Read an Excerpt
BEYOND GREATNESSFour Thoroughbred Legends
By Charles Justice
AuthorHouseCopyright © 2011 Charles Justice
All right reserved.
Chapter OneThis chapter gives an overview of how the four principal thoroughbreds in this study will be discussed. Of necessity, basic statistics must be used around which to make objective discussions or comparisons of past performance data. There is no other way to draw remotely unbiased conclusions concerning the relative merits of one horse versus another, especially when sample sizes are small – as they are in this study.
However, the primary purpose of this effort is not to judge one horse against another as 'greatest of all time'. The limitations on humans making value judgments based on statistics are generally discussed and cautioned against in any basic text.

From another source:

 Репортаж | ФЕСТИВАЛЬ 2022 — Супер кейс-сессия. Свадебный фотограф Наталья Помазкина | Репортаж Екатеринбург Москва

The comparison methods used herein serve primarily as a guide for readers concerned about how to make objective judgments regarding thoroughbred greatness. This book is more about suggestions than carved-in-granite conclusions.

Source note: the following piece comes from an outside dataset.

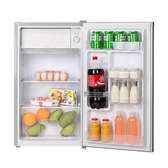 Hisense REF094DR 94L Refrigerator-Limited sales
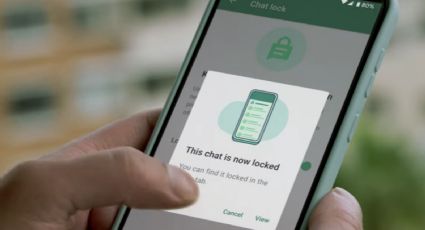 ¿Cansado de contestar mensajes? Utiliza este truco para desconectarte de WhatsApp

You will find no statements herein that Horse A is better than Horse B. Statistics, in fact, cannot validly make such statements. Statistics usually derives a bad name because statements purporting to compare quality between any individuals – horses or otherwise – are erroneously attached to it. Statistics tests hypotheses only. It cannot validly comment on comparative greatness – period!
* * *
An effective way to introduce the basic statistical concepts used here in is via an example of importance in thoroughbred racing history.
The alluded to event is the 1967 Woodward Stakes, held as the seventh race at Aqueduct Race Track on Saturday, September 30 of that year.
By the consensus of many racing pundits, that particular Woodward featured three of the greatest three-year-old colts of the past century. They were Dr. Fager, Buckpasser and Damascus. That race has, in fact, often been called the race of the century.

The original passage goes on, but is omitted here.